Data for this task section start

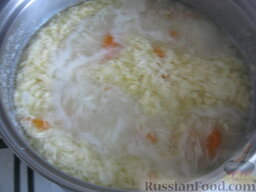 Куриный суп с сыром: Тонкой струйкой влить готовую смесь в бульон и варить, помешивая, около 3-4 минут, затем снова выложить в кастрюлю куриное мясо и морковь.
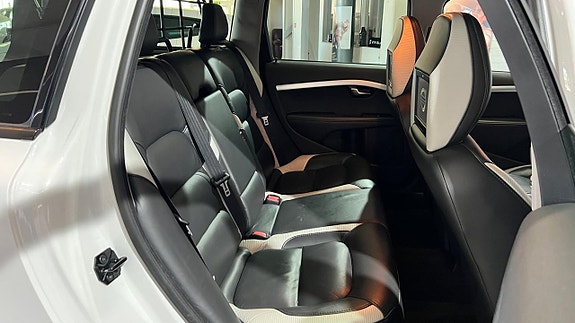 Volvo V70 12 of 19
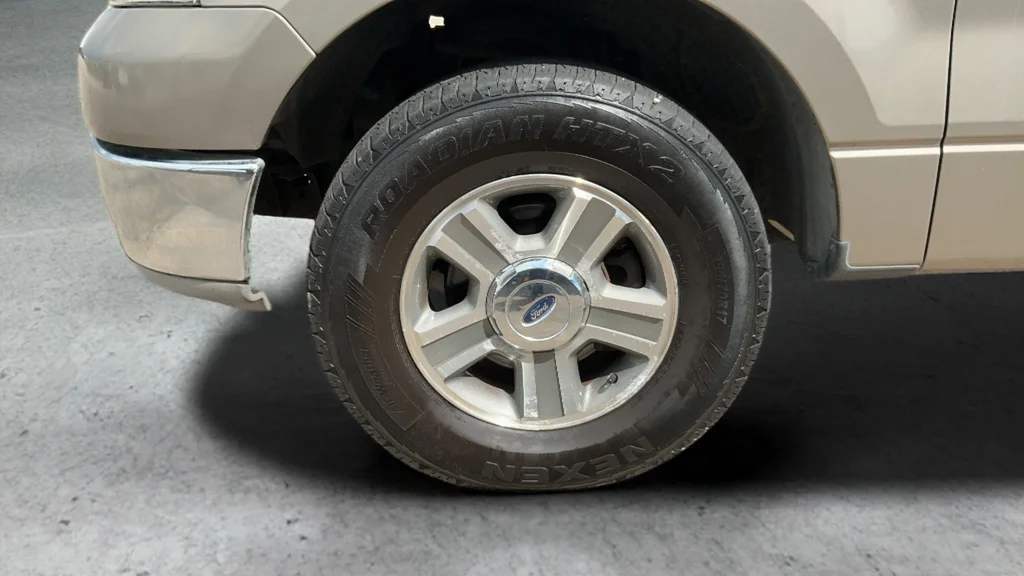 Used 2004 Beige Ford XL image 19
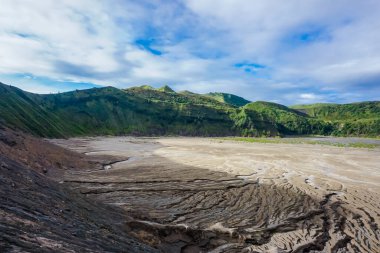 Bromo yanardağına giden çorak arazi.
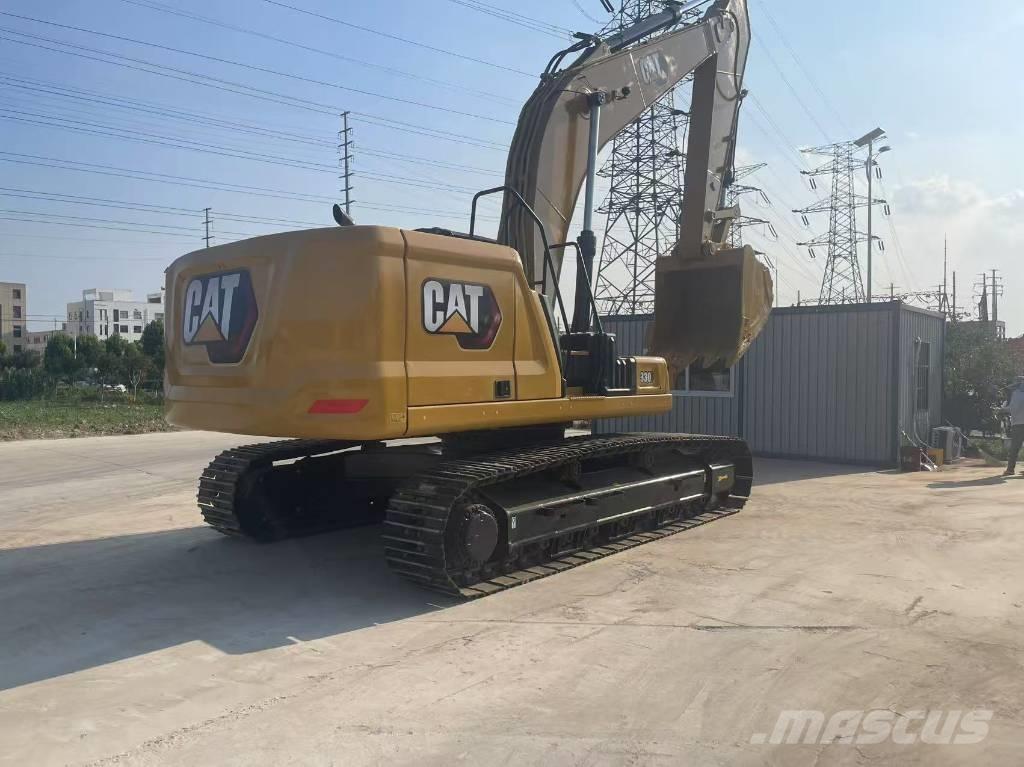CAT 330 Telakaivukoneet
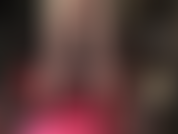 Masturbando minha cinta-liga, adorando sua bunda - enquanto você se ajoelha atrás de mim adorando minhas pernas de náilon e minha bunda, eu acaricio meu pau preto de 8 polegadas com luvas de couro.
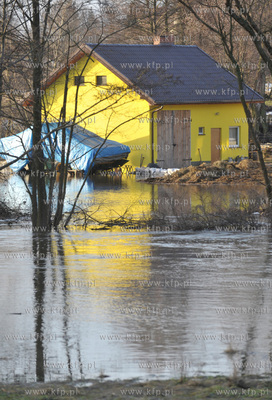 Wezbrane wody rzeki Radunia spowodowaly podtopienia...
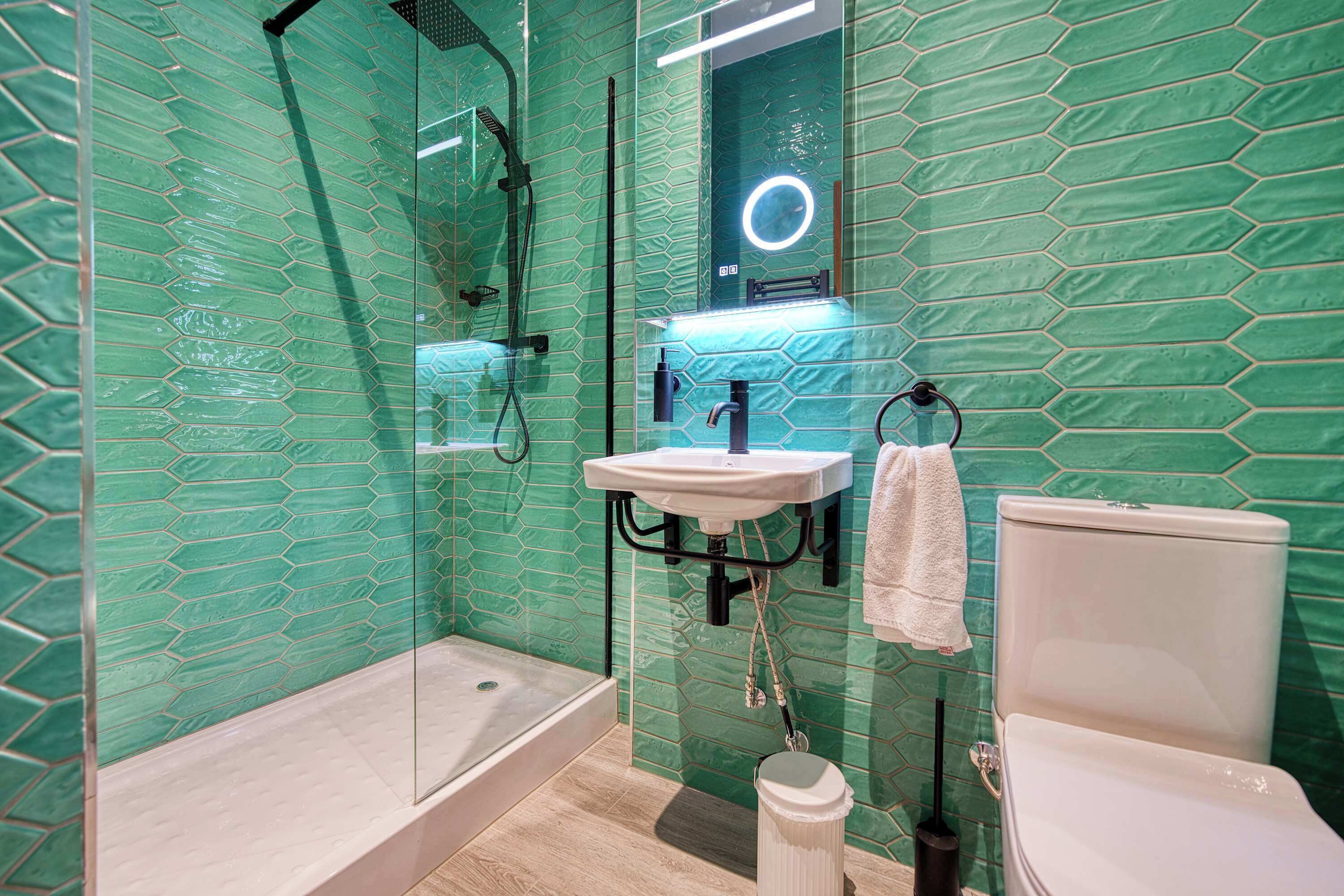 En suite bathroom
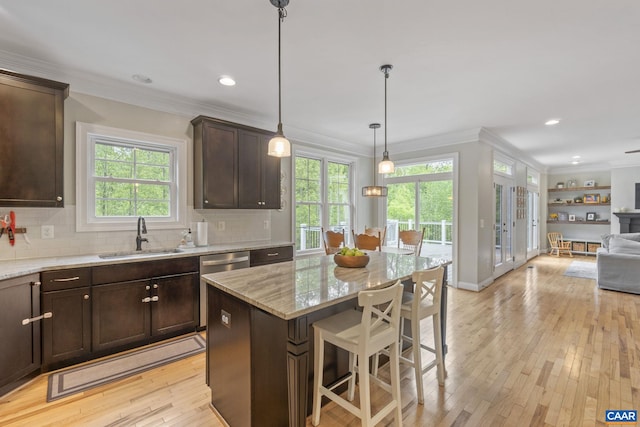 125 Highland Cir, Zion Crossroads, VA 22942 - kitchen featuring ornamental molding, open floor plan, and a sink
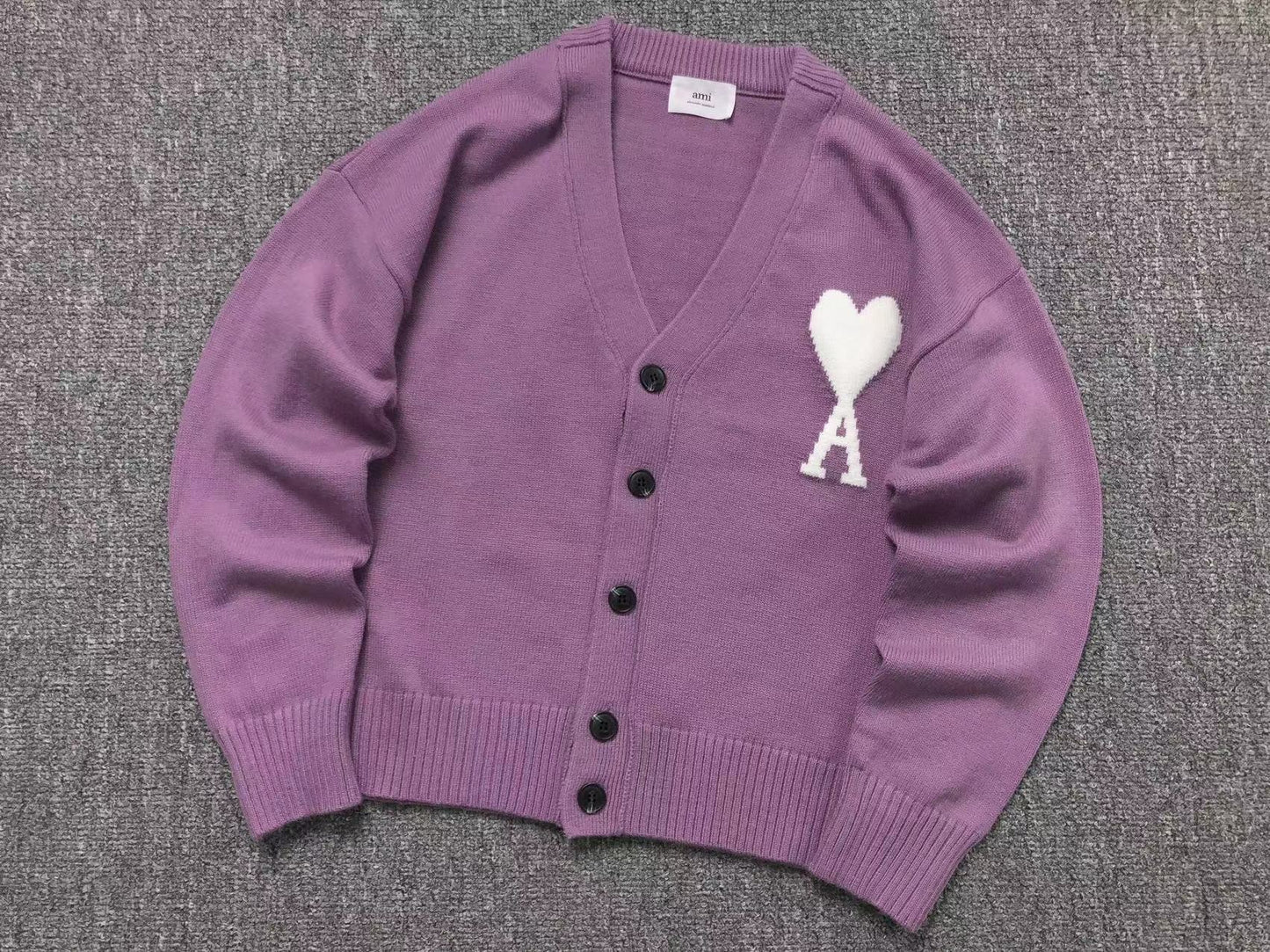 Suéter Cardigan AMI Paris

Data for this task section end

Return only the lines from the line containing "Bromo yanardağına giden çorak arazi." through the last line of the records above, both ends included, exactly as written, leaving pictures out.

 Bromo yanardağına giden çorak arazi.
CAT 330 Telakaivukoneet
 Masturbando minha cinta-liga, adorando sua bunda - enquanto você se ajoelha atrás de mim adorando minhas pernas de náilon e minha bunda, eu acaricio meu pau preto de 8 polegadas com luvas de couro.
 Wezbrane wody rzeki Radunia spowodowaly podtopienia...
 En suite bathroom
 125 Highland Cir, Zion Crossroads, VA 22942 - kitchen featuring ornamental molding, open floor plan, and a sink
 Suéter Cardigan AMI Paris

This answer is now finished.